The duchess with Hamish the Hedgehog Scottish Natural Heritage began a cull of hedgehogs in the Outer Hebrides last year because of the drastic effect they were having on protected wading birds, such as the dunlin, redshank and oystercatcher.
The populations of some species have fallen by 60 per cent because of the hedgehogs' opportunistic diet of eggs and chicks.
The Government agency caught and killed 60 on North Uist last year, and it will begin the second phase of its programme next week on Benbecula, which has a much higher population.
However, the operation has been widely condemned, and the duchess joined a protest yesterday outside the Scottish Parliament in Edinburgh.
She supports the wildlife charities behind the Uist Hedgehog Rescue project, which is offering islanders a bounty of £20 a head for every animal handed over. Last year they paid £5 a head and removed 140 animals from Benbecula and South Uist.

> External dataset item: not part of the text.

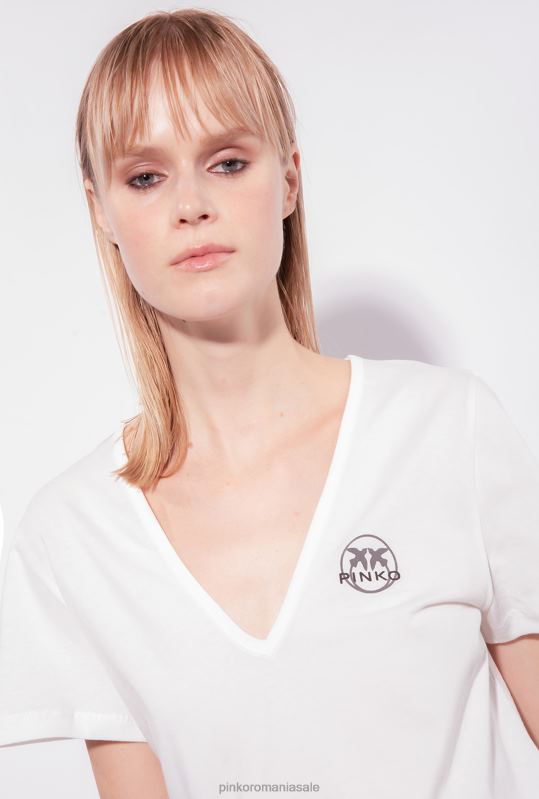 tricou | tricou cu decolteu in V cu logo Pinko alb de mătase B0D08399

The duchess, who has offered to take dozens of hedgehogs on her husband's estate outside Edinburgh, said: "It is sad that Scottish Natural Heritage is planning to kill yet more healthy hedgehogs on the Uists.
"Scottish Natural Heritage has consistently failed to listen to scientific and expert advice and experience which proves that these animals could and should be simply moved to the mainland.
"I urge SNH, the Scottish Executive and RSPB Scotland to abandon this senseless killing policy and relocate the hedgehogs. It is a kinder and far less expensive option."
A survey in 1983 showed that the islands held at least 17,000 pairs of breeding waders, including a quarter of the total United Kingdom breeding population of both dunlin and ringed plover and about 10 per cent of the United Kingdom's population of redshank.
Subsequent surveys carried out in 1995 and in 2000 found that wader numbers on South Uist and Benbecula had declined dramatically.
Supporters of the cull, including the Royal Society for the Protection of Birds, believe relocation is not humane because it is likely to lead to unacceptable levels of death in Uist and among mainland hedgehogs.
I recall reading somewhere that gypsies wrap them in clay and roast them over a fire, if anything they probably taste like rabbit, since they are rodents too.
It just goes to show these environuts should just leave nature alone to sort itself out, they try to fix one thing and break another, how bout just leaving it alone?
If they had been around these people would have been trying to save the dinosaurs even though they were no longer suited to life on earth.